The government has responded with a mix of outrage, disbelief and denial to the rating agency downgrades and harsh analysis, initially resisting calls to seek help from the International Monetary Fund.
However, Basil Rajapaksa admitted earlier this month, saying the country would work with the IMF
Officials are betting that a massive uptick in tourism, whose revenues were 62 percent lower in December than the year before, could restore the country’s balance sheet.
“We know that this problem we’re dealing with is mainly due to the lack of tourist revenue. If the tourist revenues had been there, despite the Covid debacle, no one would have mentioned the IMF,” said Sri Lankan central bank governor Ajith Nivard Cabraal.
Far less optimistic ministers have been fired by the Rajapaksa government.
With its creditworthiness shot, the government buys oil and gas at bargain prices, ie at the prevailing rate when container ships enter the port. Recently, when a tanker docked outside Colombo, the price of its diesel cargo rose from $35 million to $50 million.
As the economic pain mounts, the political opposition to the Rajapaksa sees an opportunity.
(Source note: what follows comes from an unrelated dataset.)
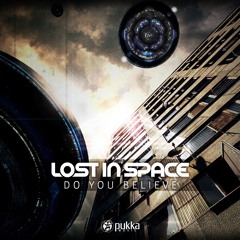 Lost In Space - Do You Believe [Pukka Music]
Earlier this month, Sajith Premadasa, the opposition lawmaker who lost the 2019 elections to Mr. Rajapaksa, staged a demonstration that raged in Colombo. Tens of thousands of protesters marched to the president’s office and demanded that he resign, wearing headscarves in Sinhala, Tamil and English that read ‘Gota, go’, referring to the president’s nickname.
In another recent protest, Ms. Purnima, 42, joined dozens of other women who marched to the presidential mansion in Colombo to protest the frequent power cuts, the disappearance of cooking gas and powdered milk and the rising cost of fresh food.
“Life is very difficult right now,” she said.
Aanya Wipulasena reporting contributed.